Your task
Give back the exact lines of the material below from the one containing "Businessman holding plant" through the one containing "Wrought-iron gate adorned", and no pictures.

Data provided
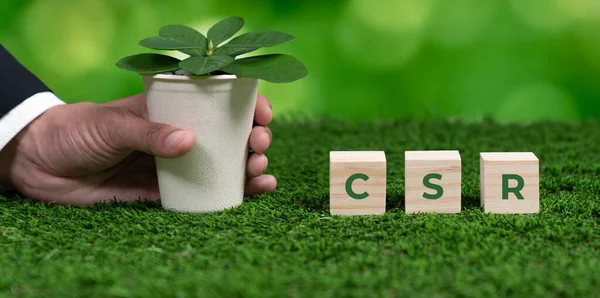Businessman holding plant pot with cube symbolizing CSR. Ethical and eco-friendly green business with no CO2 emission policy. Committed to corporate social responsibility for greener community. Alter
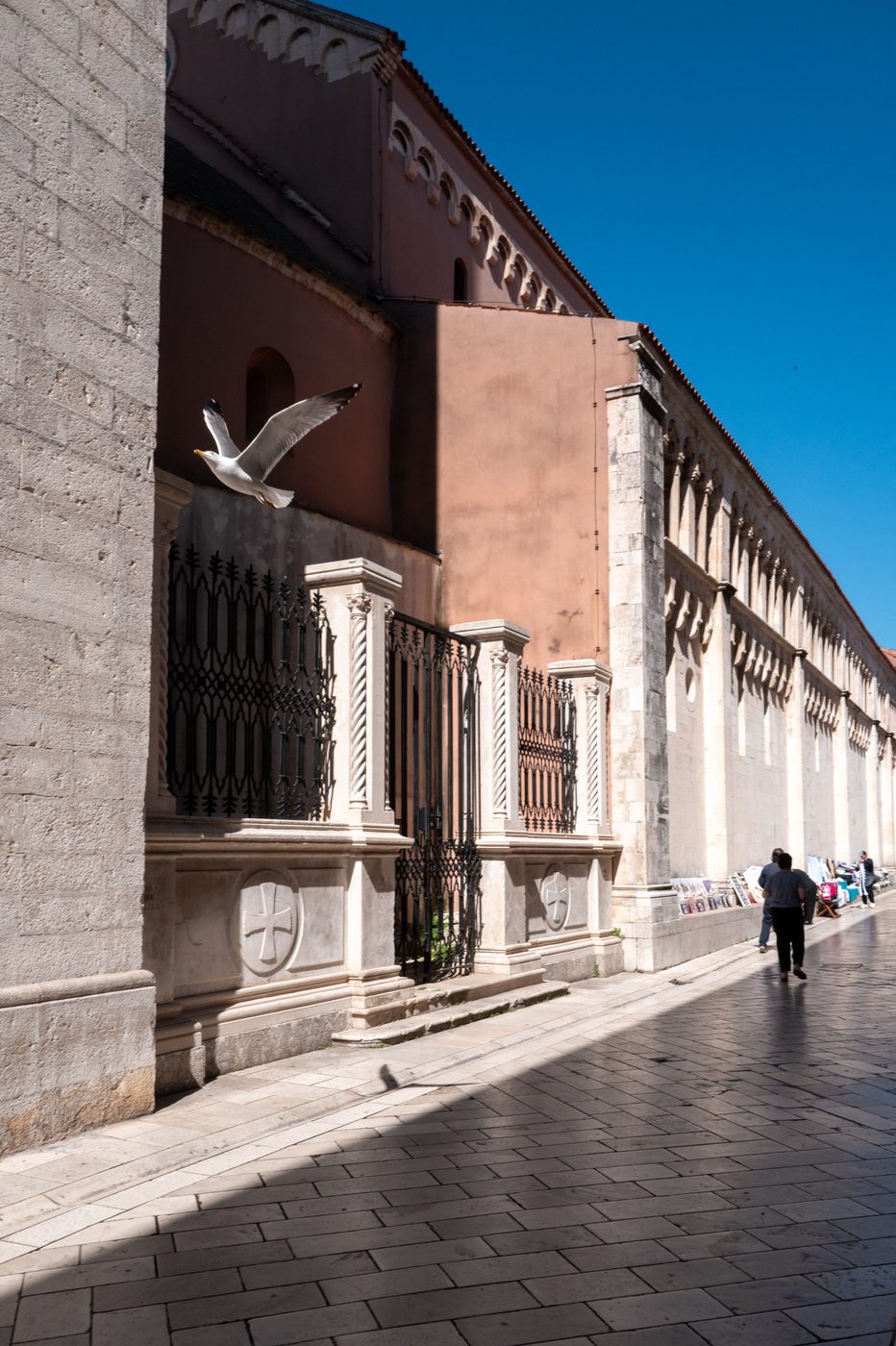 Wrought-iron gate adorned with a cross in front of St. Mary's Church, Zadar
==
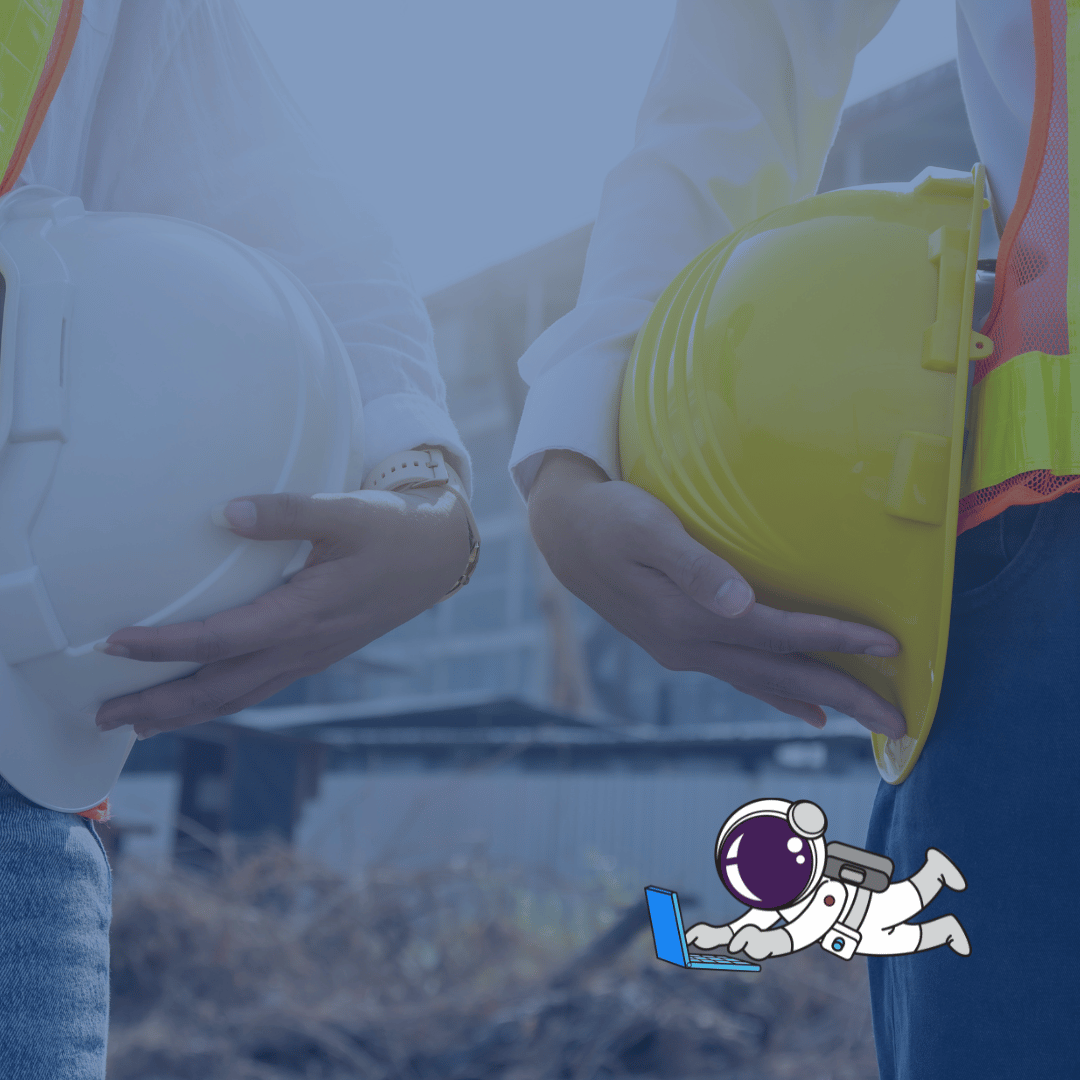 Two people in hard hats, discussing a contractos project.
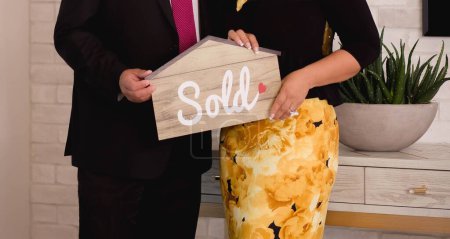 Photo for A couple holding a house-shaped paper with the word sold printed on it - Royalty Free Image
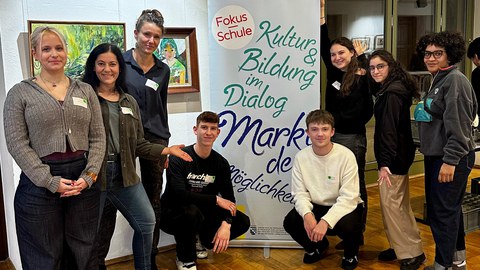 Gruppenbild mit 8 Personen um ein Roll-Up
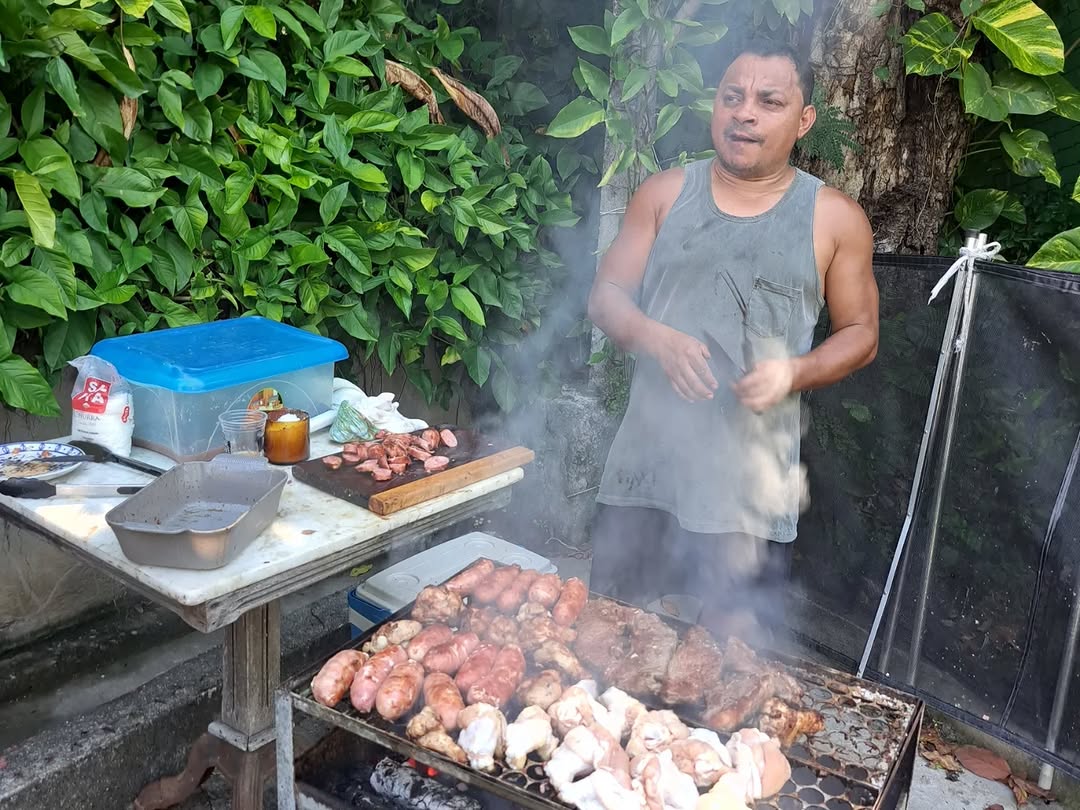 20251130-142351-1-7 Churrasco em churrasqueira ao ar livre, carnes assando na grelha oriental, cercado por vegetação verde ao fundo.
--
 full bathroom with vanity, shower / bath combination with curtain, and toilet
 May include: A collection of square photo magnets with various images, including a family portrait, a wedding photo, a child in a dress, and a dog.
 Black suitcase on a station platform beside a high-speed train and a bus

Task solution
Businessman holding plant pot with cube symbolizing CSR. Ethical and eco-friendly green business with no CO2 emission policy. Committed to corporate social responsibility for greener community. Alter
 Wrought-iron gate adorned with a cross in front of St. Mary's Church, Zadar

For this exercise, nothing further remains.